Não é só o juiz Sergio Moro que defendeu publicamente a medida aprovada na quarta pelo STF. O procurador do Ministério Público Federal (MPF) Deltan Dallagnol, integrante da força tarefa da Lava Jato no Paraná, desde o ano passado percorre o país em busca de assinaturas para o projeto Dez Medidas Contra a Corrupção. Uma das propostas do MPF é que a pena possa ser executada a partir da confirmação da sentença em segunda instância. O projeto, que já conta com mais de 1,4 milhão de assinaturas, deve ser enviado em breve ao Congresso para tramitar como Projeto de Lei de Iniciativa Popular. Para isso são necessárias 1,5 milhão de assinaturas.
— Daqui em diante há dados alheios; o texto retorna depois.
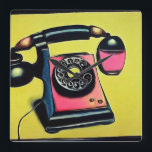Surreal Pop Art Retro Telefon 6 Quadratische Wanduhr<br><div class="desc">Surreal Pop Art Retro Telefon 6</div>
Nessa quarta-feira, Dallagnol comemorou a decisão do STF. “Julgamento histórico hoje no STF, com vitória da Justiça, traz possibilidade de execução da pena após a confirmação da sentença pelo tribunal de apelação. Desde 2009 até hoje, a prisão aguarda uma procissão do processo por quatro instâncias, o que normalmente acaba bem para o réu, com a prescrição e a impunidade, e mal para sociedade”, disse o procurador pelas redes sociais.

Em nota, a Associação Nacional dos Procuradores da República (ANPR) comemorou o entendimento dos ministros. Segundo o presidente da ANPR José Robalinho Cavalcanti, a medida “garantirá maior eficiência e celeridade à prestação jurisdicional, bem como configura um marco importante para o fim da impunidade e da ineficácia da justiça criminal”.

Opinião contrária

Se de um lado os procuradores e magistrados saíram satisfeitos com a decisão do STF, de outro os advogados reclamaram da postura adotada pela Corte. Em nota, a Ordem dos Advogados do Brasil (OAB) disse respeitar, mas discordar da decisão. “A OAB possui posição firme no sentido de que o princípio constitucional da presunção de inocência não permite a prisão enquanto houver direito a recurso”, diz um trecho da nota. “A entidade respeita a decisão do STF, mas entende que a execução provisória da pena é preocupante em razão do postulado constitucional e da natureza da decisão executada, uma vez que eventualmente reformada, produzirá danos irreparáveis na vida das pessoas que forem encarceradas injustamente”, defendem os advogados.